Se han contrapuesto, en no pocas ocasiones, dos éticas: por una parte los grandes temas de la paz, la no violencia, la justicia, el respeto y conservación de la naturaleza. De otro, los que afectan a la vida humana, que serían insignificantes o a lo sumo privativos: contracepción, aborto, eutanasia, etcétera. Sin embargo, en mi opinión, se trata de aspectos no sólo complementarios sino que están íntimamente entrelazados: quien no respeta la vida humana propia o ajena, ¿cómo va a respetar la vida animal o la naturaleza? Quien instrumentaliza a los demás en función de sus propios caprichos, no dudará en usar despóticamente para su conveniencia, con más motivo si cabe, de los recursos naturales. Es de una lógica aplastante, porque, en realidad, no son cosas diferentes o enfrentadas, sino aspectos distintos de una misma cuestión.

Pero, ¿cuáles son las motivaciones de una activa firmeza por salvaguardar el medio ambiente? Podríamos resumirlas en cuatro. Una primera es el valor estético que toda política conservacionista tiene: evitar la degradación de los espacios en los que el hombre vive, o ha de tratar de vivir, en armonía con la naturaleza. ¿Quién no disfruta con un paisaje deslumbrante en el ocaso de un día primaveral u otoñal? Una segunda razón estriba en la salubridad: la necesidad de la higiene, de consumir alimentos naturales, de respirar aire puro, reciclar basuras, etc. Un tercer motivo es la preservación de un bien común a gozar no sólo ahora, sino también mañana, por las generaciones que recibirán nuestro legado: tenemos una responsabilidad que nos afecta a cada uno y que no podemos declinar hipotecando a los que vengan detrás. Y la cuarta razón es de índole aún más profunda: la bondad de un mundo que ha salido prístino de las manos de Dios, con el encargo de disfrutarlo y hacerlo resplandecer. La belleza, la perfección, el carácter intrínsicamente bueno del mundo —y de un modo especial del ser humano— que admiramos y contemplamos son reflejos divinos. Lo afirma Dostoievski en «El idiota»: sólo la belleza nos salvará.

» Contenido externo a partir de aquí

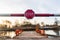 STOP sign and barrier before entering the river ferry. Late winter afternoon, snow still visible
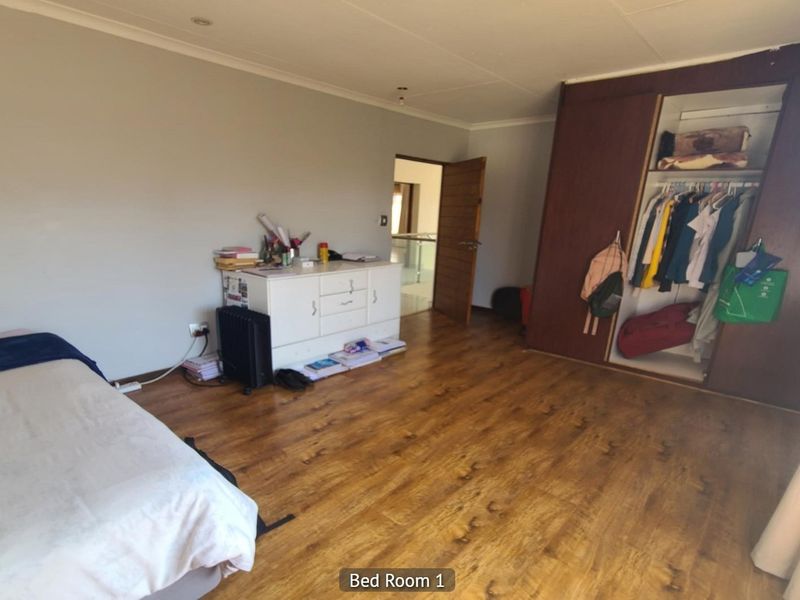 Spacious bedroom featuring laminate flooring, recessed ceiling lighting, and a large built-in wardrobe with sliding doors.
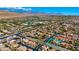 Beautiful aerial view showing nearby schools, houses, streets, solar panels, and desert scenery for a perfect community at 10089 Clifton Forge Ave, Las Vegas, NV 89148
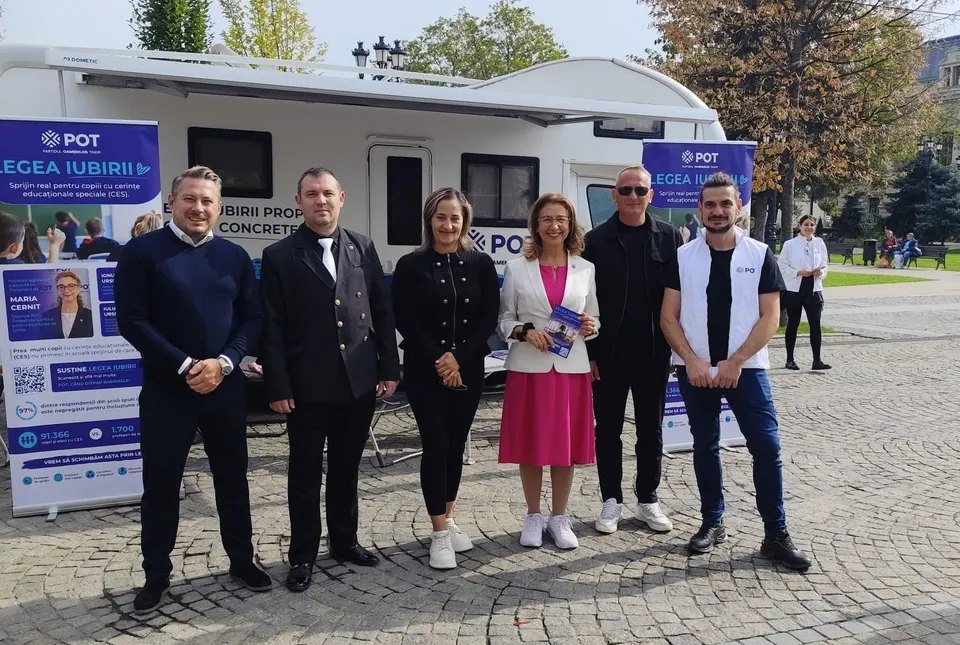 Șapte persoane stau în rând în fața unui vehicul alb pe care sunt afișate panouri informative colorate.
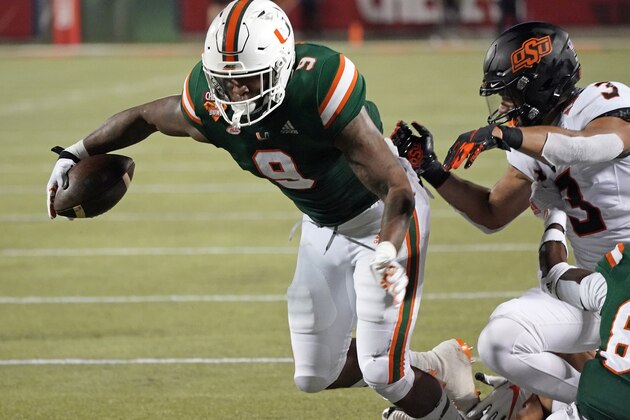 Miami tight end Brevin Jordan (9) makes a move to get by Oklahoma State safety Tre Sterling (3) during the second half of the Cheez-it Bowl NCAA college football game, Tuesday, Dec. 29, 2020, in Orlando, Fla. (AP Photo/John Raoux)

En este sentido, adquiere también especial interés la grandiosidad que observamos en la biodiversidad de las distintas formas que admiten los seres vivos en la naturaleza. Una pluralidad que fascina a los científicos, no sólo por sus estructuras, composiciones, colores, disposiciones, capacidades biológicas, sino por todas esas multiformes manifestaciones de la vida, con su complejidad y diversidad, que abarcan tantos ecosistemas: desde las profundidades abisales al vulcanismo, pasando por los bosques tropicales para llegar a los más inhóspitos lugares del planeta, como pueden ser los desiertos aparentemente muertos o las latitudes antárticas, con toda una multiplicidad y una adaptación que quita el hipo. Desde animales microscópicos hasta mamíferos, desde algas unicelulares hasta las plantas más sofisticadas. Con todo un entramado, tanto interno —de biología molecular— como externo: simbiosis, cooperación, depredación, parasitosis, etc. en perfecta armonía y sincronización.En definitiva la vuelta a un equilibrio más profundo con el medio ambiente también permitirá recuperar el valor de lo natural, y especialmente de la vida humana: el único ser que puede vislumbrar y hermosear el mundo, y contemplar las estrellas.